*Supplied material*
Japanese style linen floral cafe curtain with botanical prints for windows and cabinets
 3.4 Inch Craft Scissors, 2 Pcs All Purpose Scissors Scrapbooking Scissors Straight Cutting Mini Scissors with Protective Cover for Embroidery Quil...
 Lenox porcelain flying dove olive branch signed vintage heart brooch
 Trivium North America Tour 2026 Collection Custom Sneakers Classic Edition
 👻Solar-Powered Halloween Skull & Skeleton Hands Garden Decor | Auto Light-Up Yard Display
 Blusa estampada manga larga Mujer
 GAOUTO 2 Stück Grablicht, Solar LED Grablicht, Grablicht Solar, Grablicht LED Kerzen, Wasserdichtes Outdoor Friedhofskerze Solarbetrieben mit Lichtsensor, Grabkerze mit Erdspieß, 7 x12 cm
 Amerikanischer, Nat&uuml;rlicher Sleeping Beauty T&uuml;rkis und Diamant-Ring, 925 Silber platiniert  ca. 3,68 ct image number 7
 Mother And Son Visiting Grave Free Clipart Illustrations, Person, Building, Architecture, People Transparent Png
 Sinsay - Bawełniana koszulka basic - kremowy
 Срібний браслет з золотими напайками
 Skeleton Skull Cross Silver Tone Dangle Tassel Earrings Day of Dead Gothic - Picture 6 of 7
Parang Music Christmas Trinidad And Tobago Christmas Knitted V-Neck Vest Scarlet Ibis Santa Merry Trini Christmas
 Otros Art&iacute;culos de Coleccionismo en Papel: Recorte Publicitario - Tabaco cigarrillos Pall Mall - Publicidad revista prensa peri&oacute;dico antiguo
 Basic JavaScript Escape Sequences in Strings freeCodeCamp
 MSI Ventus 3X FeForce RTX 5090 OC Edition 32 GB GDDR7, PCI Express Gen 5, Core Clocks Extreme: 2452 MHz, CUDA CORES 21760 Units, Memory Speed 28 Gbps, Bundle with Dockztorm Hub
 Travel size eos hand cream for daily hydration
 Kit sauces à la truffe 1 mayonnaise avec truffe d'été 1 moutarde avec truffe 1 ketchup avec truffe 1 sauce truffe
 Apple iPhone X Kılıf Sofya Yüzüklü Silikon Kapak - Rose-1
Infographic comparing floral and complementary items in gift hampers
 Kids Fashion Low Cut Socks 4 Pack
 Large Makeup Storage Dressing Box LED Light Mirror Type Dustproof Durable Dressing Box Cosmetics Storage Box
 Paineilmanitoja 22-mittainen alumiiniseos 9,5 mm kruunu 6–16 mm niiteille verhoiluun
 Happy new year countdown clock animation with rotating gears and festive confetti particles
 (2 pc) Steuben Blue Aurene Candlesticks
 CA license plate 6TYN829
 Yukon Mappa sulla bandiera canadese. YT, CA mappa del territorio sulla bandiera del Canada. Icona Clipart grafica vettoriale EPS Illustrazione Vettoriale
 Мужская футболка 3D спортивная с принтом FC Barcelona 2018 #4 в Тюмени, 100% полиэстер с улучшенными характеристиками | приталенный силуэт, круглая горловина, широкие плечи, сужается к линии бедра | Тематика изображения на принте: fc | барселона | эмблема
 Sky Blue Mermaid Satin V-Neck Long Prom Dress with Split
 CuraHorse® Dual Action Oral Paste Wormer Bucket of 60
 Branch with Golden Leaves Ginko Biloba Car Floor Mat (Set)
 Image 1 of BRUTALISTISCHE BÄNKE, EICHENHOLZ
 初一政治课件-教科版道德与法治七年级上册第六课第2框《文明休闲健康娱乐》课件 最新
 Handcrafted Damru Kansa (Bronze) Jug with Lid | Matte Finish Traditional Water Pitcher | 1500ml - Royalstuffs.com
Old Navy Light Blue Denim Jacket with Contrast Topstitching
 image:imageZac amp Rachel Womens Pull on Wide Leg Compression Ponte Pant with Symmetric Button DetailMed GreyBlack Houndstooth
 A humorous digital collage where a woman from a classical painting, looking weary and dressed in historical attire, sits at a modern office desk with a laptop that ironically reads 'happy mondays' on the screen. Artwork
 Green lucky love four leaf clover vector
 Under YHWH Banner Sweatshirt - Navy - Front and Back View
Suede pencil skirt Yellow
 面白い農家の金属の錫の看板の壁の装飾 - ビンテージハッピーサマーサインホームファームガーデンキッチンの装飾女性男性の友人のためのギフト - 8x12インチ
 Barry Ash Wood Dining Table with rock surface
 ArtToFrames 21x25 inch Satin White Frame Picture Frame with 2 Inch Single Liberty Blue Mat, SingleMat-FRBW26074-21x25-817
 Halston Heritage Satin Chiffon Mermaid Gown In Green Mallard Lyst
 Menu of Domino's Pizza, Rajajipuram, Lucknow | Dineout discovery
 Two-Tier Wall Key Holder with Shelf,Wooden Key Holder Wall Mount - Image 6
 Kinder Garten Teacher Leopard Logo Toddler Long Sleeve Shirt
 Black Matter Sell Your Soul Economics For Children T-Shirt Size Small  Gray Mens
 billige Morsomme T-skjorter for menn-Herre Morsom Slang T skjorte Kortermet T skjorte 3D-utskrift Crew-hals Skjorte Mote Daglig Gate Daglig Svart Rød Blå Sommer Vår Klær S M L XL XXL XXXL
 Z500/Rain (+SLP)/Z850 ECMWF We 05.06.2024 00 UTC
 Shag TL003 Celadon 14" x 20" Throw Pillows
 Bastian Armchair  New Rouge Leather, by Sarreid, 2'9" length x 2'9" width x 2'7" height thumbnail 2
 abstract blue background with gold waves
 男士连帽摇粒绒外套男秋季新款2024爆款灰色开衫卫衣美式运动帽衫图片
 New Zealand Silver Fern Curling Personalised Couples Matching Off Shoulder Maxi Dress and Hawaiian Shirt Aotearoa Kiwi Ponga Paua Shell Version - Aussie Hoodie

*Your instructions*
Please restate, exactly as written, the line that holds "billige Morsomme T-skjorter" and all remaining lines of the data above, and only those.

*Solution for this problem*
 billige Morsomme T-skjorter for menn-Herre Morsom Slang T skjorte Kortermet T skjorte 3D-utskrift Crew-hals Skjorte Mote Daglig Gate Daglig Svart Rød Blå Sommer Vår Klær S M L XL XXL XXXL
 Z500/Rain (+SLP)/Z850 ECMWF We 05.06.2024 00 UTC
 Shag TL003 Celadon 14" x 20" Throw Pillows
 Bastian Armchair  New Rouge Leather, by Sarreid, 2'9" length x 2'9" width x 2'7" height thumbnail 2
 abstract blue background with gold waves
 男士连帽摇粒绒外套男秋季新款2024爆款灰色开衫卫衣美式运动帽衫图片
 New Zealand Silver Fern Curling Personalised Couples Matching Off Shoulder Maxi Dress and Hawaiian Shirt Aotearoa Kiwi Ponga Paua Shell Version - Aussie Hoodie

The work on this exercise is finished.